BEGIN
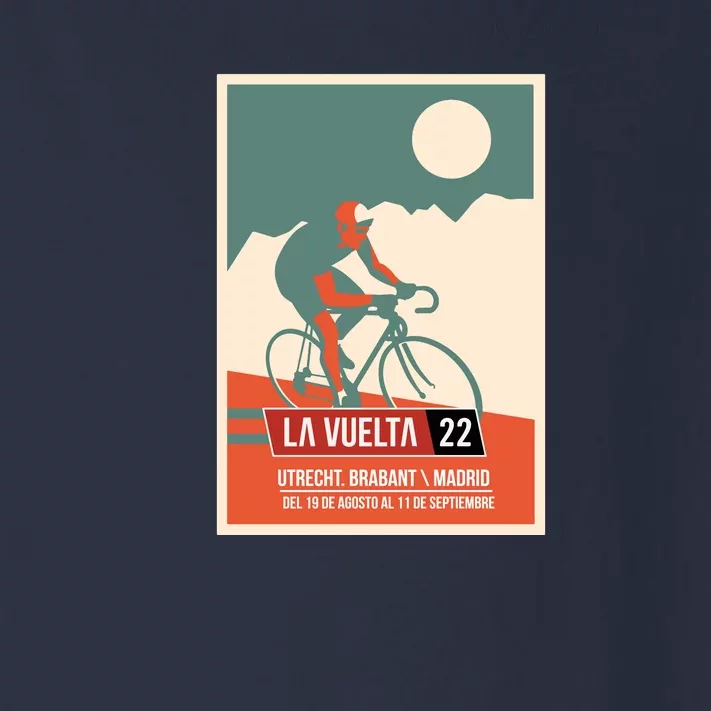 Cycling Vuelta A España Toddler Long Sleeve Shirt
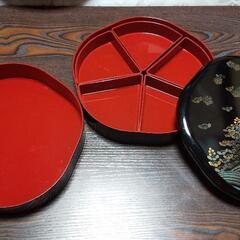 花の重箱(非対面受け渡し可能)の画像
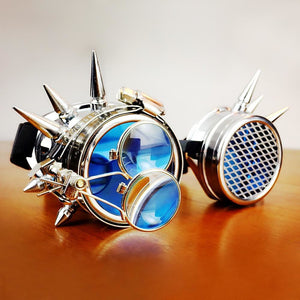 The Beast Round Punk Goggles-The Steampunk Cave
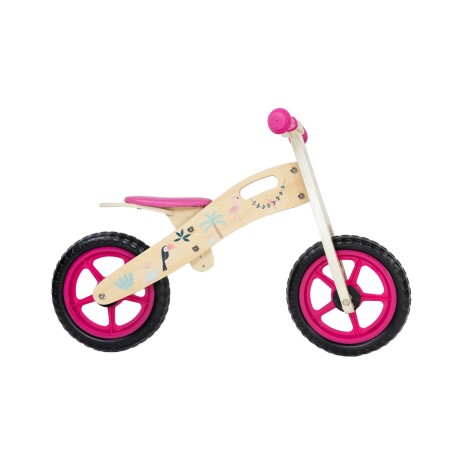 Chiva bicicleta de niño en madera Bebesit My Bike Rosa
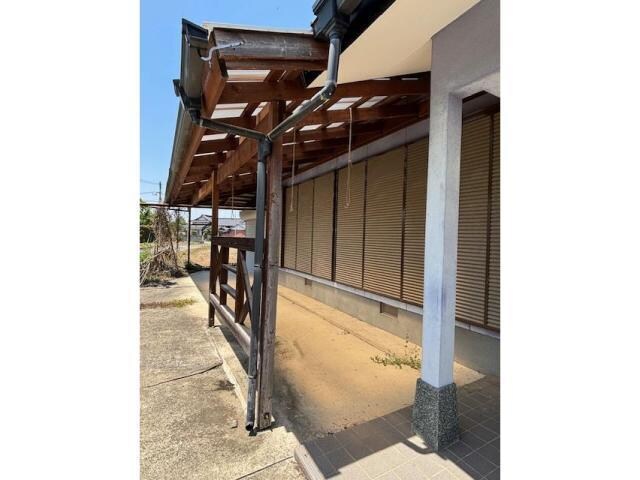 宮熊戸建2の建物設備(バルコニー)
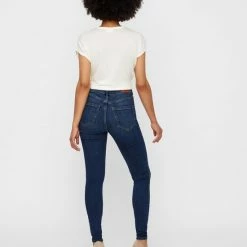 VERO MODA VMSOPHIA HW SKINNY JEANS MD BL NOOS Dames Jeans - Maat L -Dameskleding Verkoop 550x712 23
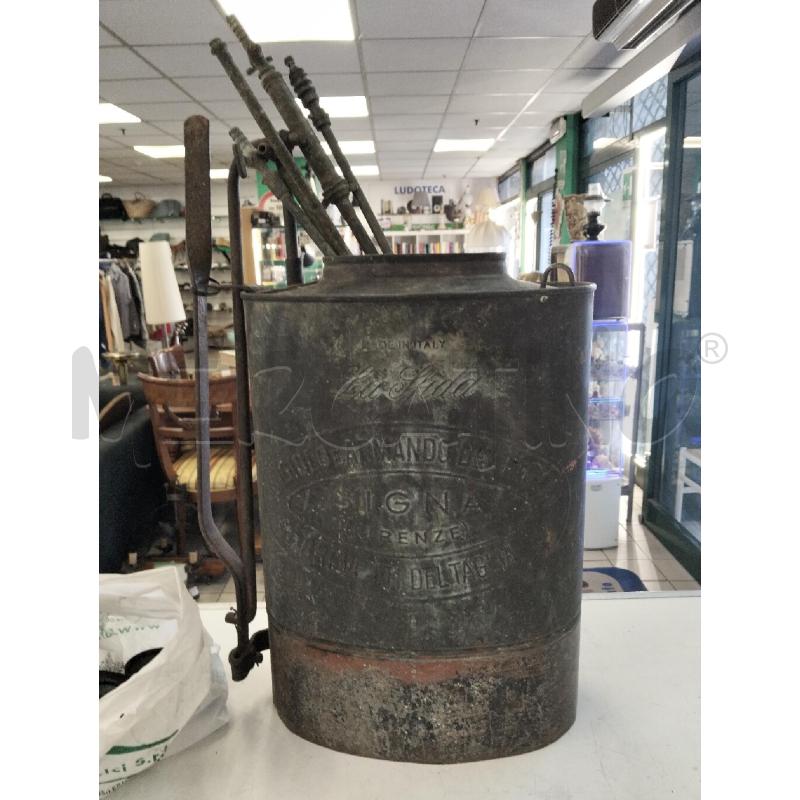 TANICA DISERBANTE VINTAGE | Mercatino dell'Usato Roma portonaccio 2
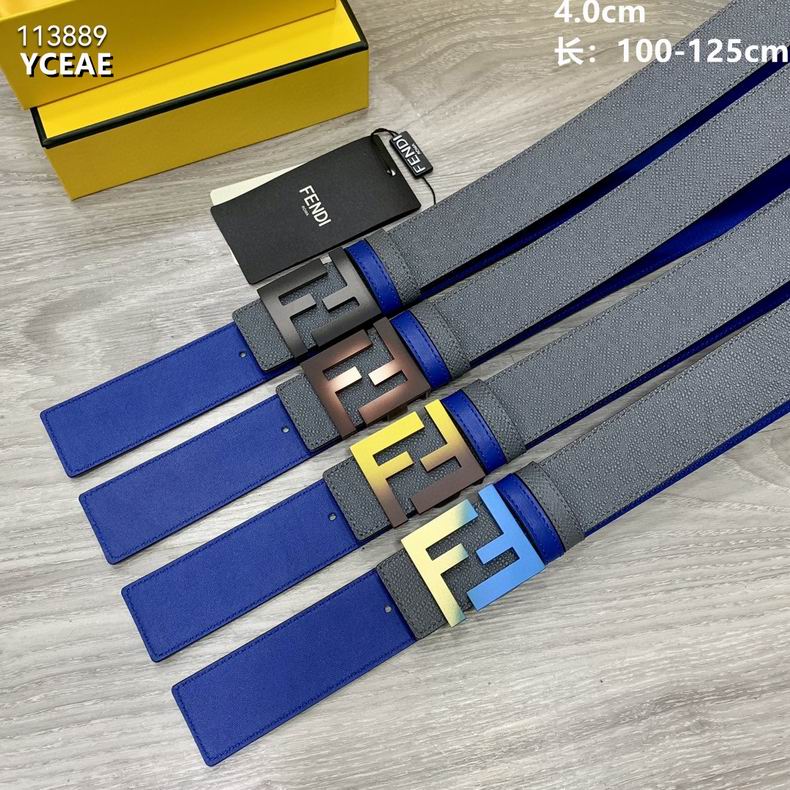 Fendi Belt 40mmX100-125cm 8L63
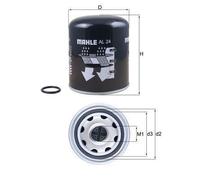 KNECHT FILTER Cartucho del secador de aire, sistema de aire comprimido para MERCEDES-BENZ VOLVO: V50 (Ref: AL 24)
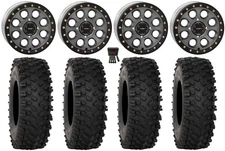 System 3 SB-7 15" Wheels Ti (6+1) 32" ATX470 Tires Can-Am Defender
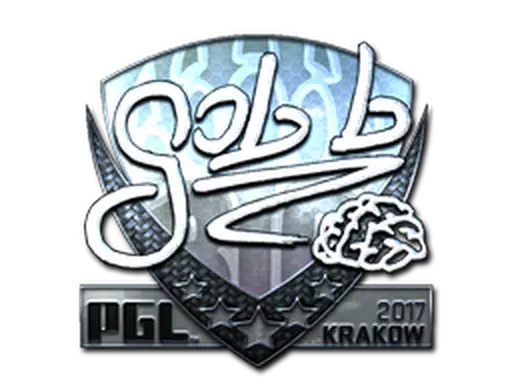 Sticker | gob b (Foil) | Krakow 2017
END
#### Directions:
The copy should hold exactly the lines from the line containing "花の重箱(非対面受け渡し可能)の画像" through the end of the data, both ends included, and no pictures.

#### Solution to this problem:
 花の重箱(非対面受け渡し可能)の画像
 The Beast Round Punk Goggles-The Steampunk Cave
 Chiva bicicleta de niño en madera Bebesit My Bike Rosa
 宮熊戸建2の建物設備(バルコニー)
 VERO MODA VMSOPHIA HW SKINNY JEANS MD BL NOOS Dames Jeans - Maat L -Dameskleding Verkoop 550x712 23
 TANICA DISERBANTE VINTAGE | Mercatino dell'Usato Roma portonaccio 2
 Fendi Belt 40mmX100-125cm 8L63
 KNECHT FILTER Cartucho del secador de aire, sistema de aire comprimido para MERCEDES-BENZ VOLVO: V50 (Ref: AL 24)
 System 3 SB-7 15" Wheels Ti (6+1) 32" ATX470 Tires Can-Am Defender
 Sticker | gob b (Foil) | Krakow 2017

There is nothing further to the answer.